Below, I can clearly see that removing the junior racquets significantly reduces the percentage of NA values in the spec columns. This na table also confirms the duplication issues discussed above. 

In [16]:
# Create a df showing the number of NA values per column, their percentage NA, 
# and their percentage NA when the junior rackets are removed from the data

na_vals = pd.Series(examine_jr_df.isna().sum(), name = "nas").to_frame()
na_vals["perc_nas"] = ((na_vals["nas"]/len(examine_jr_df)) * 100).round(2)
na_vals["perc_nas_junior_removed"] = (((
    examine_jr_df[~examine_jr_df["racquet_name"].str.contains("Junior")].isna().sum()
    )/len(
        examine_jr_df[~examine_jr_df["racquet_name"].str.contains("Junior")]
        )) * 100).round(2)

na_vals.sort_values(by = "perc_nas", ascending = True)

Unnamed: 0,nas,perc_nas,perc_nas_junior_removed
racquet_img,0,0.0,0.0
racquet_desc,0,0.0,0.0
racquet_price,0,0.0,0.0
Junior,0,0.0,0.0
racquet_name,0,0.0,0.0
Head Size,29,7.44,3.74
Length,29,7.44,3.74
Composition,30,7.69,4.05
Racquet Colors,39,10.0,4.05
racquet_rating,53,13.59,1.56


## Takeaways and next steps

1. Get rid of all junior racquets from df

2. Drop all duplicated columns

3. Add a racquet_brand column by extracting the brand name from racquet_name

4. Convert the following columns from object to float or int using regex or str logic:
    - Head Size
    - Length
    - Strung Weight
    - Balance
        - Create two columns: racquet_balance_in and racquet_balance_HH_HL
    - Stiffness
    - Beam width
    - String Pattern
        - Create two columns: racquet_mains and racquet_crosses
    - String Tension
        - Create two columns: racquet_tension_lower and racquet_tension_upper

Overall, the scraper did a decent job for it being the first one I've ever made!
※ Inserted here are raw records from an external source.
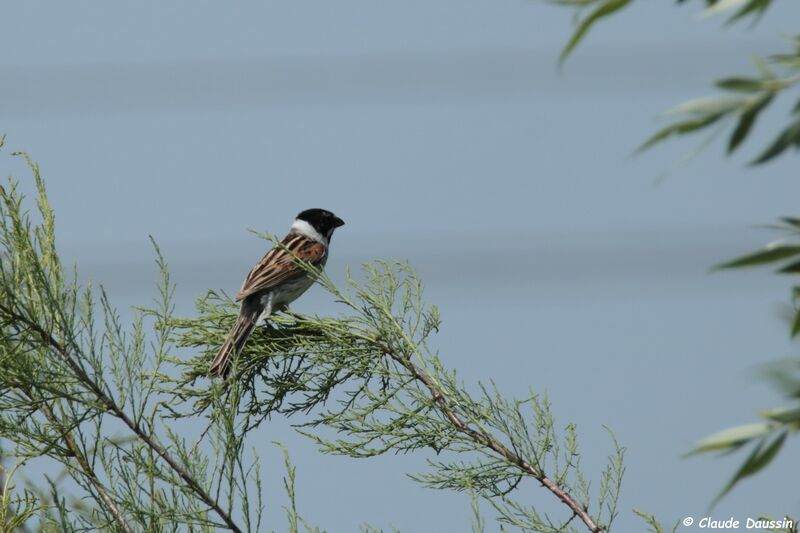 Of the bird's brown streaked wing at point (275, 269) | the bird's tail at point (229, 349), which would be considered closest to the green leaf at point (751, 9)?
the bird's tail at point (229, 349)

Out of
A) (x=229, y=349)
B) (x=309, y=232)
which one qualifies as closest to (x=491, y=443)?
(x=229, y=349)

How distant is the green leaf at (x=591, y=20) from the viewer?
6.34 feet

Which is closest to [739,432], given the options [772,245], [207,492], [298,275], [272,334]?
[772,245]

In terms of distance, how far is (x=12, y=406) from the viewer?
4090 mm

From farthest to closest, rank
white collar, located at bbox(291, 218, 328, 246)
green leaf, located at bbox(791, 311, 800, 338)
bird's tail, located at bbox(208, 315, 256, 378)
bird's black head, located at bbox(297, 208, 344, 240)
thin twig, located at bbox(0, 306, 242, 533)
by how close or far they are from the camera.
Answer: bird's black head, located at bbox(297, 208, 344, 240)
white collar, located at bbox(291, 218, 328, 246)
bird's tail, located at bbox(208, 315, 256, 378)
thin twig, located at bbox(0, 306, 242, 533)
green leaf, located at bbox(791, 311, 800, 338)

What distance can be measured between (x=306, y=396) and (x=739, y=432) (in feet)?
10.7

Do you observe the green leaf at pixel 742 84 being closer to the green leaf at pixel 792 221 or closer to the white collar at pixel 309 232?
the green leaf at pixel 792 221

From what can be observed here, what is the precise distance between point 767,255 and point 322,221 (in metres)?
6.88

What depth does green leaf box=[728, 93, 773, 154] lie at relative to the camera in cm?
185

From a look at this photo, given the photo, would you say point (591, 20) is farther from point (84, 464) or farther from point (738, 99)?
point (84, 464)

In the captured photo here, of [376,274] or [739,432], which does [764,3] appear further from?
[376,274]

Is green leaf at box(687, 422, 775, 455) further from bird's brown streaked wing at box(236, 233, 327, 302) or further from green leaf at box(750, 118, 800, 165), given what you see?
bird's brown streaked wing at box(236, 233, 327, 302)

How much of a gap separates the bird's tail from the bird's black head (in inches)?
132

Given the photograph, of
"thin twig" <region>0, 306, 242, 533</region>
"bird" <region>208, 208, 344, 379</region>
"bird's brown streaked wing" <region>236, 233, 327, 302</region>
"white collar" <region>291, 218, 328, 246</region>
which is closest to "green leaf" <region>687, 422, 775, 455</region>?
"thin twig" <region>0, 306, 242, 533</region> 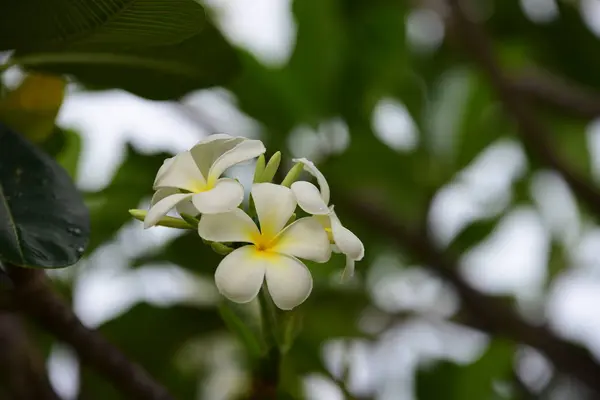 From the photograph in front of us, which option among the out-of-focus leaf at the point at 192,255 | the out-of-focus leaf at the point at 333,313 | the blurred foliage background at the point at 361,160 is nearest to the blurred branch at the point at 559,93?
the blurred foliage background at the point at 361,160

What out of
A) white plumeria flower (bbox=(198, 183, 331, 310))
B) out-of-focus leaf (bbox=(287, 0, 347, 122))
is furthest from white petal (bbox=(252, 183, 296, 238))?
out-of-focus leaf (bbox=(287, 0, 347, 122))

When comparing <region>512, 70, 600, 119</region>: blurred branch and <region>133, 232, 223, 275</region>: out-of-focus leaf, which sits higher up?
<region>512, 70, 600, 119</region>: blurred branch

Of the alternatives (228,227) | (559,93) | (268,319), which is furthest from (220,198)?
(559,93)

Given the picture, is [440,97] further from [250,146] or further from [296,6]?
[250,146]

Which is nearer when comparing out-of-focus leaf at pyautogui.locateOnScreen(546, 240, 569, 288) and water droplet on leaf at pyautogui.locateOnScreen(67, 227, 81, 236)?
water droplet on leaf at pyautogui.locateOnScreen(67, 227, 81, 236)

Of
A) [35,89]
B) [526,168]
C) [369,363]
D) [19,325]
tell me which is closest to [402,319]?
[369,363]

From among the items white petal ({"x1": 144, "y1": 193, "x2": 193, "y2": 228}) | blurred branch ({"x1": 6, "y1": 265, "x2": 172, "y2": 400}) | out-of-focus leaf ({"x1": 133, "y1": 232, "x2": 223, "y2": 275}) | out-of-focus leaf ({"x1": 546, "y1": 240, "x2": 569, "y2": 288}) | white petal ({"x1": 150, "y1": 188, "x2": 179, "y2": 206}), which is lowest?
out-of-focus leaf ({"x1": 546, "y1": 240, "x2": 569, "y2": 288})

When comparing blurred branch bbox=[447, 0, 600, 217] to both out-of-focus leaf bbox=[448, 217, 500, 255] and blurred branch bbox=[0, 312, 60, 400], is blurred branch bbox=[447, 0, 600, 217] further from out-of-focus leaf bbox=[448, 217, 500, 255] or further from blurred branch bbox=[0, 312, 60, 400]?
blurred branch bbox=[0, 312, 60, 400]

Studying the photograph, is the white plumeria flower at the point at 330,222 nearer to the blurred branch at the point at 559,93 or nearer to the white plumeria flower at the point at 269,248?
the white plumeria flower at the point at 269,248

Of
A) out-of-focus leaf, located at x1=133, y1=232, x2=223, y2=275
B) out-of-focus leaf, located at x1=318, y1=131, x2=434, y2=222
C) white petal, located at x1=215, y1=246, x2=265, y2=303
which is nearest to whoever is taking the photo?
white petal, located at x1=215, y1=246, x2=265, y2=303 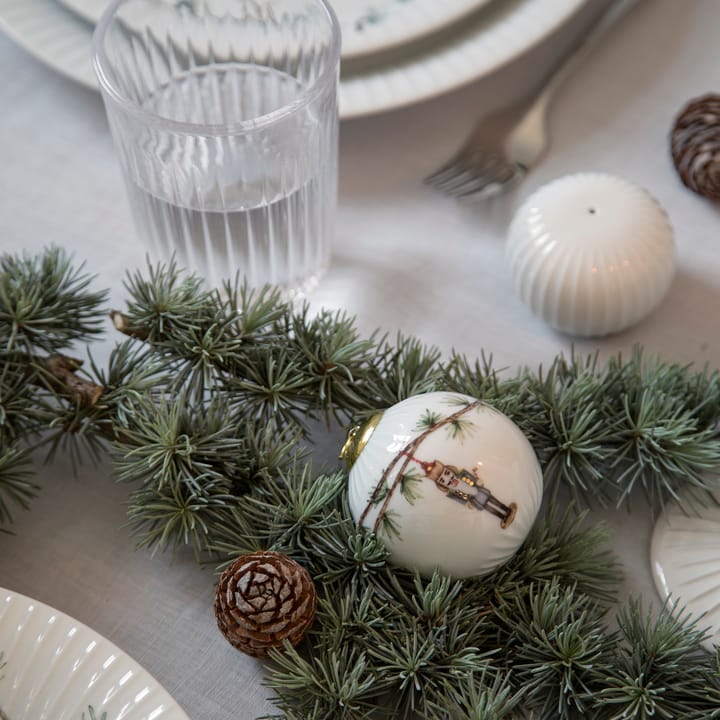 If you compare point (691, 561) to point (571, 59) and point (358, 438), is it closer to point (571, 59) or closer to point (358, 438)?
point (358, 438)

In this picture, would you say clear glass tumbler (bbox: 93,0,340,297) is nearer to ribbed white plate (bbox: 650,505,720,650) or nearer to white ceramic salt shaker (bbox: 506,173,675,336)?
white ceramic salt shaker (bbox: 506,173,675,336)

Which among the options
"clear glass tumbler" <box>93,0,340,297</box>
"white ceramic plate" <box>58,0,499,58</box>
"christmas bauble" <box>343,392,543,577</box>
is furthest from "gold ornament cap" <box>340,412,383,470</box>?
"white ceramic plate" <box>58,0,499,58</box>

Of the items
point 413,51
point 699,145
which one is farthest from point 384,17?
point 699,145

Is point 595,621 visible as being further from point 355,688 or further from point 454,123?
point 454,123

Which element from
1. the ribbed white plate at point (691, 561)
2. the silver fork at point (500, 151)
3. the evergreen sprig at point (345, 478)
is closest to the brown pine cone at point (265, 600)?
the evergreen sprig at point (345, 478)

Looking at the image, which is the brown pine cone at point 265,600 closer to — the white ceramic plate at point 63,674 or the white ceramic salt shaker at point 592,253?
the white ceramic plate at point 63,674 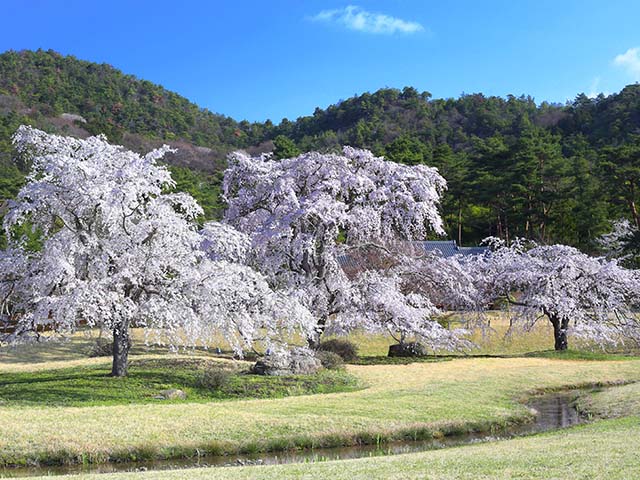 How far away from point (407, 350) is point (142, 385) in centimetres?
1461

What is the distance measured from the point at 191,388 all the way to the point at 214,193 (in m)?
47.3

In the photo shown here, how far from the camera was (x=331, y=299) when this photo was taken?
94.1 feet

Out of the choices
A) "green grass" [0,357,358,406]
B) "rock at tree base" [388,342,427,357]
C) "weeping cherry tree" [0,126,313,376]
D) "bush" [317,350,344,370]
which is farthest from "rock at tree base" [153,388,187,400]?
"rock at tree base" [388,342,427,357]

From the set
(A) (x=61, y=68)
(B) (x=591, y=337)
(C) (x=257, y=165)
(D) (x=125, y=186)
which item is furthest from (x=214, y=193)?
(A) (x=61, y=68)

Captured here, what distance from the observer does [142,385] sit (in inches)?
762

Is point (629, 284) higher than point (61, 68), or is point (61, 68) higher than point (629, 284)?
point (61, 68)

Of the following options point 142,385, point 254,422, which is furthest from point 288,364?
point 254,422

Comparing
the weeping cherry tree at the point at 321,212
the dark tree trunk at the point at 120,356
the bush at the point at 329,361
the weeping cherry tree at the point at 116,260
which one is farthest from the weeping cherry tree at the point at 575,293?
the dark tree trunk at the point at 120,356

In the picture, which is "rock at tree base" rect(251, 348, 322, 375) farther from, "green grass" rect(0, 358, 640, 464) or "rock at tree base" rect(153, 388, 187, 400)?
"rock at tree base" rect(153, 388, 187, 400)

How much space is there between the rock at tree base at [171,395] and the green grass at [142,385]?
17 centimetres

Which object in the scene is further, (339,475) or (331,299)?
(331,299)

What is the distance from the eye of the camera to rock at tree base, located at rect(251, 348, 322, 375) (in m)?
22.0

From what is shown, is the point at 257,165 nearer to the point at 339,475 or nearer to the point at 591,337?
the point at 591,337

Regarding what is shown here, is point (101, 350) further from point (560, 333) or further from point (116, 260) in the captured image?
point (560, 333) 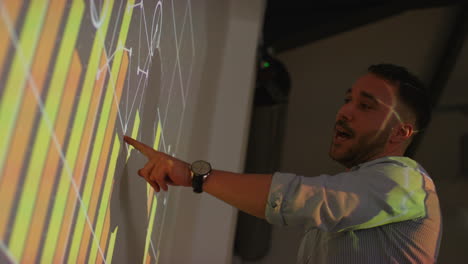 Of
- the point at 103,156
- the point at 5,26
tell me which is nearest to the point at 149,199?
the point at 103,156

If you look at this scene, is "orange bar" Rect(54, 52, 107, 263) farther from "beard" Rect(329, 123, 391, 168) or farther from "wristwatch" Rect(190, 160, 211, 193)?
"beard" Rect(329, 123, 391, 168)

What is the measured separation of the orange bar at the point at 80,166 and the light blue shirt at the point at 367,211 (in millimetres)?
343

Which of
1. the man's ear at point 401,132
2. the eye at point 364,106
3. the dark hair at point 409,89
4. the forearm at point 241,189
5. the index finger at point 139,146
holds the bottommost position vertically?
the forearm at point 241,189

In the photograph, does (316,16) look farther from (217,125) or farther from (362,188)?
(362,188)

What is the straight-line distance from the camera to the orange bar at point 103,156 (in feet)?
2.56

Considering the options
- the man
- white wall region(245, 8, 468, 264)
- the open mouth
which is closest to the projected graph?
the man

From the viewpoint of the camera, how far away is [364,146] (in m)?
1.22

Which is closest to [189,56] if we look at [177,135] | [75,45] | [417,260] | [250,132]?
[177,135]

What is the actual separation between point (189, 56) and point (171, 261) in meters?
0.80

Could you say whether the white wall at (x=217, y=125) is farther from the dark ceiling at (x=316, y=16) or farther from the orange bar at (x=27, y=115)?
the orange bar at (x=27, y=115)

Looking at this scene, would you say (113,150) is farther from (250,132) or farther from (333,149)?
(250,132)

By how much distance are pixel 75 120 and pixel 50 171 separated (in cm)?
9

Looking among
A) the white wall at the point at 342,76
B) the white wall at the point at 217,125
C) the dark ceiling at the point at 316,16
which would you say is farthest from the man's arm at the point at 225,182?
the white wall at the point at 342,76

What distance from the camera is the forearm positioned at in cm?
93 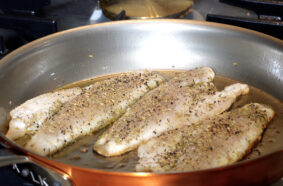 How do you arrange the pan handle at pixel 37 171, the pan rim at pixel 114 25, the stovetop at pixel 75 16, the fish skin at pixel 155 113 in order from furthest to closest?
the stovetop at pixel 75 16
the pan rim at pixel 114 25
the fish skin at pixel 155 113
the pan handle at pixel 37 171

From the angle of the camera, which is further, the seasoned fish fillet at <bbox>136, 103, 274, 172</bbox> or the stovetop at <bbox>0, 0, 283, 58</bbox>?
the stovetop at <bbox>0, 0, 283, 58</bbox>

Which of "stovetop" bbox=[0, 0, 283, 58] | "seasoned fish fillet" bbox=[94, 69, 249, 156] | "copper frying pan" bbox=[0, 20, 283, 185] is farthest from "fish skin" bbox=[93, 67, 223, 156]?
"stovetop" bbox=[0, 0, 283, 58]

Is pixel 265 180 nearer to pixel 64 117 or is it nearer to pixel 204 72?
pixel 204 72

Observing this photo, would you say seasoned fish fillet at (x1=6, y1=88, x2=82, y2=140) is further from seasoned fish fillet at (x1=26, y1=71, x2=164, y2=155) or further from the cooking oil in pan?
Answer: the cooking oil in pan

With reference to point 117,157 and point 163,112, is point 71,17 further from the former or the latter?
point 117,157

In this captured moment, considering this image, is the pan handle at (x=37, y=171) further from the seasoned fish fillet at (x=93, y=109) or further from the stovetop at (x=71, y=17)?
the stovetop at (x=71, y=17)

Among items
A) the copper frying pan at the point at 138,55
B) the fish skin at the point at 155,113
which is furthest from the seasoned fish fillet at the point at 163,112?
the copper frying pan at the point at 138,55

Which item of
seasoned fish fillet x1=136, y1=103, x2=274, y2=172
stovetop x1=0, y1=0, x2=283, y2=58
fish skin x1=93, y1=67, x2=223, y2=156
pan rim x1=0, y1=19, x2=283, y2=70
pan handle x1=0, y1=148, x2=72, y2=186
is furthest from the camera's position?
stovetop x1=0, y1=0, x2=283, y2=58

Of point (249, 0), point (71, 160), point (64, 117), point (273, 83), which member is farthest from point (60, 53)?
point (249, 0) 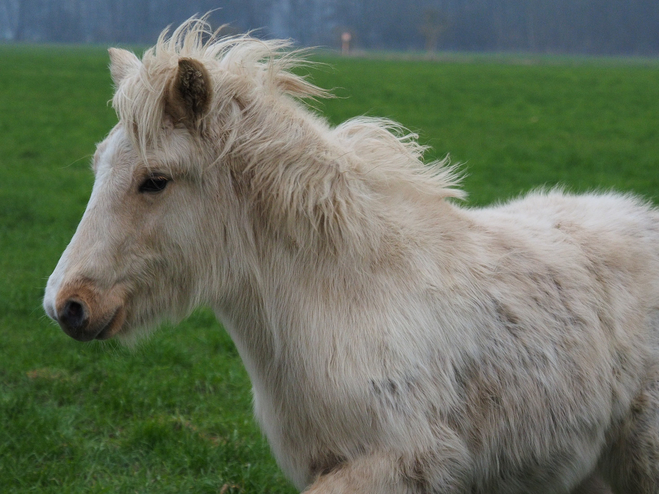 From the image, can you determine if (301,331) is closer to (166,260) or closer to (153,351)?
(166,260)

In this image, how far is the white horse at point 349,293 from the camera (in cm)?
257

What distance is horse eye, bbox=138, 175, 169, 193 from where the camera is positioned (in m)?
2.60

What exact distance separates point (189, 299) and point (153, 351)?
277 centimetres

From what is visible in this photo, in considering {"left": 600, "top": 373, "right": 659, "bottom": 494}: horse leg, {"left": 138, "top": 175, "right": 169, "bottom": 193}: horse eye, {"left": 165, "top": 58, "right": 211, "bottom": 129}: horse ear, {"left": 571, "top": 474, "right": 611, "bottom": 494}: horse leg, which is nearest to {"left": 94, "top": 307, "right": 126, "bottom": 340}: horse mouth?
{"left": 138, "top": 175, "right": 169, "bottom": 193}: horse eye

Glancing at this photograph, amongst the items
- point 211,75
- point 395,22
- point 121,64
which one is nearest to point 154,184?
point 211,75

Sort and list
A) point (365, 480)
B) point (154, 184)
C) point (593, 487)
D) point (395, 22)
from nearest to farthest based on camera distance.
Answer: point (365, 480), point (154, 184), point (593, 487), point (395, 22)

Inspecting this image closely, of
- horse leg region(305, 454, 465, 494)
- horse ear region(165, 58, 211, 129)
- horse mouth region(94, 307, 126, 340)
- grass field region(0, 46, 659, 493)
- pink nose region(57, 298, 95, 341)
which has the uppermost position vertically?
horse ear region(165, 58, 211, 129)

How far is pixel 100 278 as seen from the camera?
8.31 feet

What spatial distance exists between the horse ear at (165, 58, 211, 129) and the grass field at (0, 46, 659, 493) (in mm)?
894

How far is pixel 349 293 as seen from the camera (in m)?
2.70

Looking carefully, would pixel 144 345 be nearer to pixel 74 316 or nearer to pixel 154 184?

For some reason, the spec columns got duplicated. My best guess is that there was some discrepancies in how they were labelled in the html. There are junior racquets present in the data, which aren't relevant and there are several columns that need to be processed into a different data type. 

Since the preprocessing required to fix these errors is relatively minimal, I've decided to use the scraper as-is and just quickly performing the basic preprocessing on the data afterwards.